The North Carolina Department of Health and Human Services on Thursday reported the state’s highest one-day number of COVID-19 cases with 4,296 new cases reported. The record-high day follows several days of increasing trends in new cases, the percent of tests that are positive and hospitalizations.
“I am very concerned. We are seeing warning signs in our trends that we need to heed to keep our family and friends from getting sick and ensuring our hospitals are able to care for those that have serious illness,” said NCDHHS Secretary Mandy Cohen. “We can do that if each North Carolinian wears a face mask over their mouth and nose anytime they are with people they do not live with; waits six feet apart and avoids crowds; and washes their hands often. We have reasons for hope. With promising news on vaccines, this pandemic will end. Until then, North Carolinians need to do what we’ve done throughout this pandemic – take care of one another.”
Thursday also marked a record with the number of people hospitalized with COVID-19 with 1,538. 198 people were admitted with confirmed cases in the last 24 hours.
The percentage of positive tests were at 7.9 percent.
The testing turnaround time has been increasing over the last couple of weeks.
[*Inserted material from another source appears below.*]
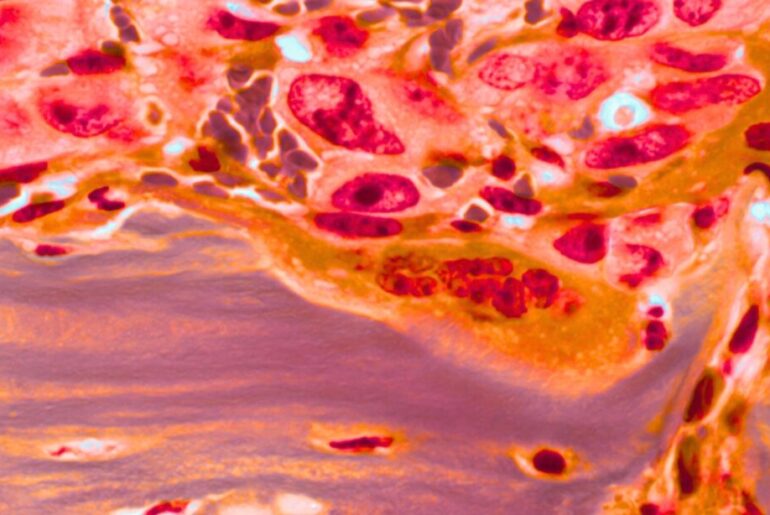 Blocking biotin could expose a weakness in cancer cells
It’s now at an average of 2.5 days.
4,936 people have died in the state since the start of the pandemic. 38 of the deaths were reported on Thursday.
THURSDAY MORNING STORYLINES
Durham Public Schools will hold a meeting Thursday to consider Plan B in an effort to get kids back in the classroom.
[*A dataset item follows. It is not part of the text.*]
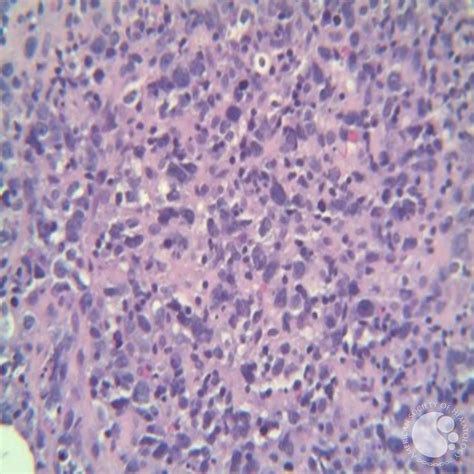 Figure 2. Liver biopsy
The district’s Plan B proposal recommends Pre-K through fifth-grade students attend school in-person two days a week while students with special needs would attend four days a week. Masks, temperature screenings and social distancing will all be mandatory. DPS would also invest $800,000 for special air filters that capture airborne viruses.
DPS Superintendent Dr. Pascal Mubenga will present the plan to the school board at 6:30 p.m. In September, DPS agreed to continue operating on fully remote learning, known as ‘Plan C,’ through Jan. 15 for traditional and year-round schools, and Dec. 23 for specialty high schools.
Also on Thursday, Wake County leaders will reveal a plan to keep families safe while celebrating Thanksgiving. They’ll be announcing a new campaign with steps for families to follow. The latest guidance from the CDC suggests celebrating the holiday with only the people who live in your home.
For the first time during the pandemic, an international flight will depart Raleigh Durham International Airport on Thursday. JetBlue has a nonstop flight scheduled to leave at 8 a.m. for Cancun.